I should point out that the chap in the photo (ATC man) has the world’s biggest job: everyone and their uncle calls and radios in and, on this occasion, he was on his own in the Tower. Even with all that on his plate he took care of us and made sure we were out of the weather while he stopped people from crashing into other people in flapping things. We (both me and Nathan) were extremely grateful. Thank you unknown blue t-shirt wearing nice chap.
We ate our breakfast, watched the marvel of a large helicopter taking off and filled up with some tasty UL91 over the course of about an hour, then set off again. I left the cowling flap shut and got the temps up nice and high to make sure everything was dried out. I had opened her up and checked things over but could only see the marvel of a 30-hour engine shining back at me. We took off rather uneventfully and headed back into what was still a bit of a rough day. Within my limits but not a day I would have chosen to fly had it not been for the urge to get home. That’s one of my key takeaways from this: leaving the plane there and returning in a couple of days would have been a faff but the better option. I’m not sure what drives everyone else but sometimes I make the wrong decisions and nearly always these “Swiss Cheese” events are a hunger not to have to admit defeat.
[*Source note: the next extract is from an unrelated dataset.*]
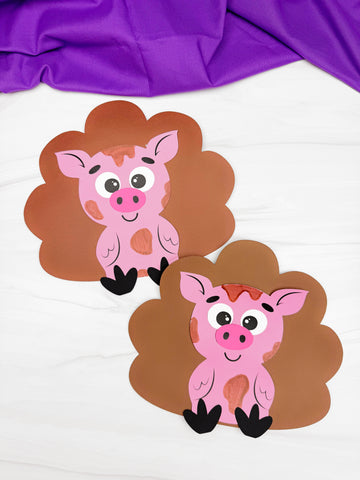 Two turkey disguised as pigs crafts on a white background with purple fabric. 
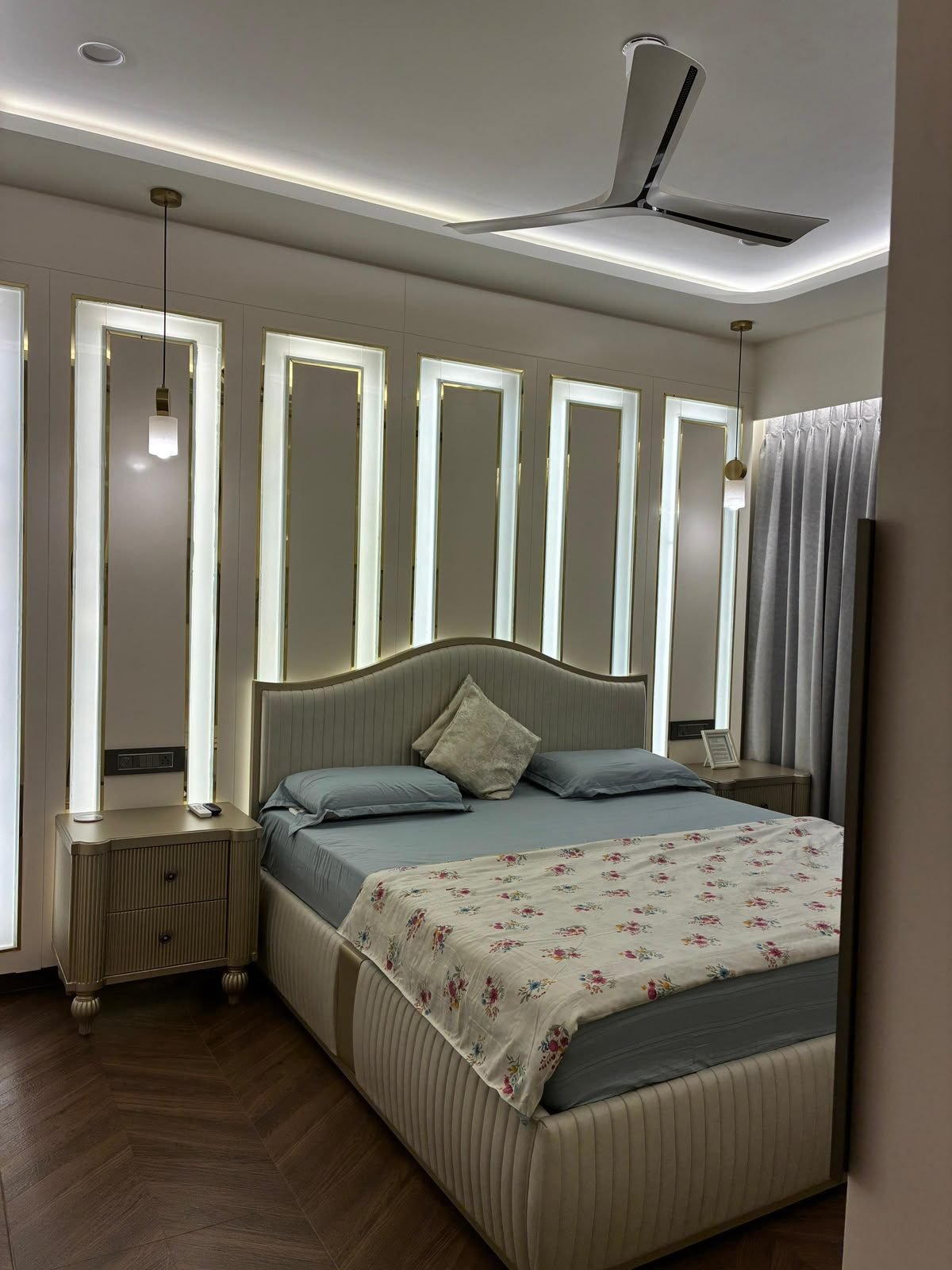 Bedroom with backlit panels and a fluted bed frame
Flying back into that weather was perfectly alright; it was a bit moist but perfectly safe. What I hadn’t calculated for was the cumulation of events that followed. Just before we passed by Cosford things started to get a bit sketchy; the cloud base now was at 1600ft, still VFR but certainly on its limit. To make matters worse a plane seemed intent on flying straight at us. He was above us, so in the cloud and, from the looks of his “Pilot aware box surely could see us” I bleated to Nathan. We had strayed as far right in an attempt to get out of his way as we could, but he was still coming at us, and with less than a football pitch away was only 3ft above Nathan.